What if the speed of gravitational radiation were to be infinite

It has been suggested that the speed of gravitational radiation may be infinite. Follow the above procedures with that assumption and you find that the interferometer is not capable of detecting the radiation. As it is now certain that it has been detected by this method, the finite speed of propagation must be accepted. A speed of 'c' is a reasonable assumption at this stage.

Appendix

Consider this scenario.

• A test mass is a very long way from a source of gravitational radiation.

• The source consists of two equal masses in the same circular orbit.

• The test mass is in the plane of the source's orbit.
  
  

The source mass approaching the test mass appears to move faster than the source mass receding from the test mass.

The red dots represent the apparent postions of the source mass nearest to the test mass, numbered 1 to 8,at equal time intervals as seen fom the test mass.

The blue dots represent the apparent postions of the furthest source mass, at the same times,.

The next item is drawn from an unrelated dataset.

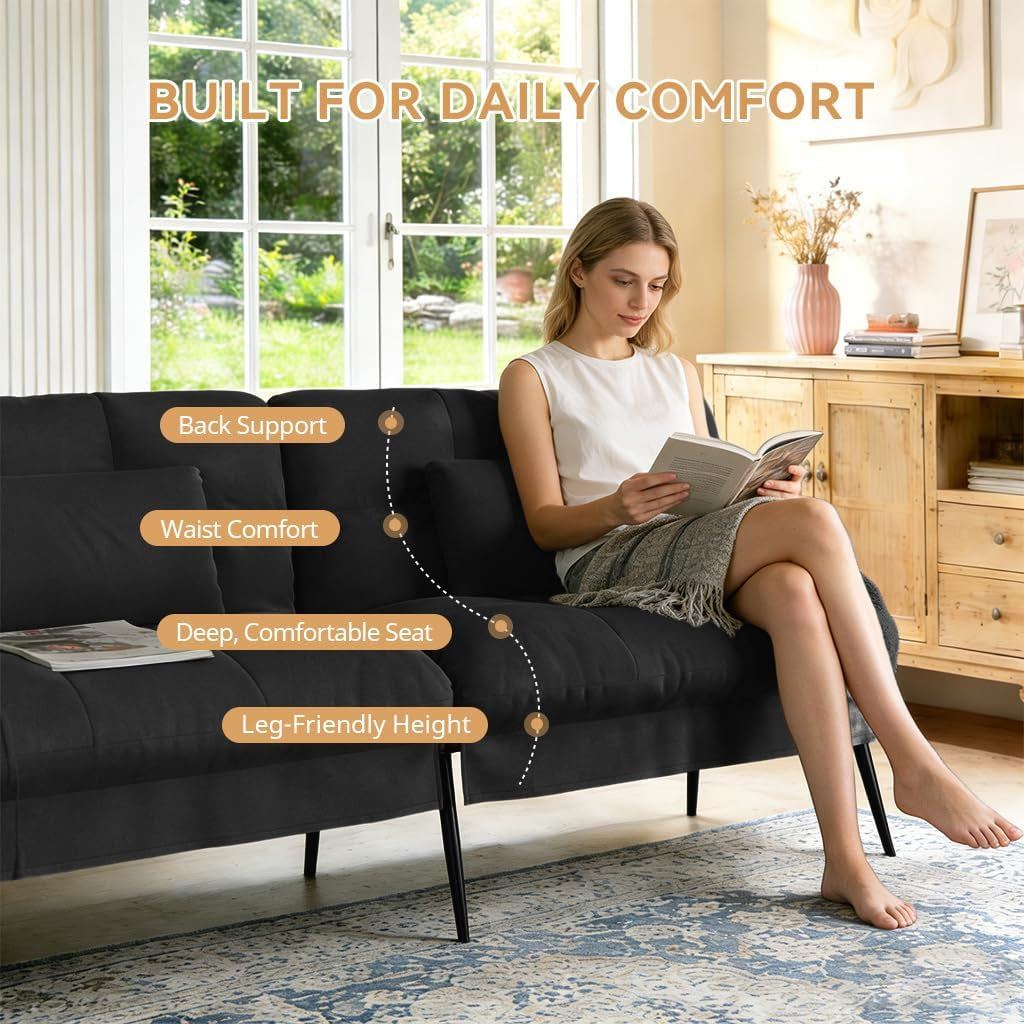 Woman seated on black futon demonstrating deep seat and lumbar support in a living room setting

The effects of relativity, other than the finite speed of light, are not considered.

Acceleration towards the centre of the orbit 

The red and blue arrows in this diagram are the acceleration vectors for the red and blue masses at point 5 in their orbit. The masses appear to be in-line at this time.The black arrow is the resultant acceleration vector as viewed from the test mass.

The red and blue arrows in the following diagram are the acceleration vectors for the red and blue masses at all the numbered points in their orbit. The black arrows are the resultant acceleration vectors. For example, at time 1, acceleration (proportional to the square of the velocity) is maximum for the approaching red mass and minimum for the receding blue mass.

Adding the resultant vectors, in time, for these few points results in a roughly circular curve with the vectors acting in a clockwise sense. The radiation causes the test mass to move in a clockwise circular orbit.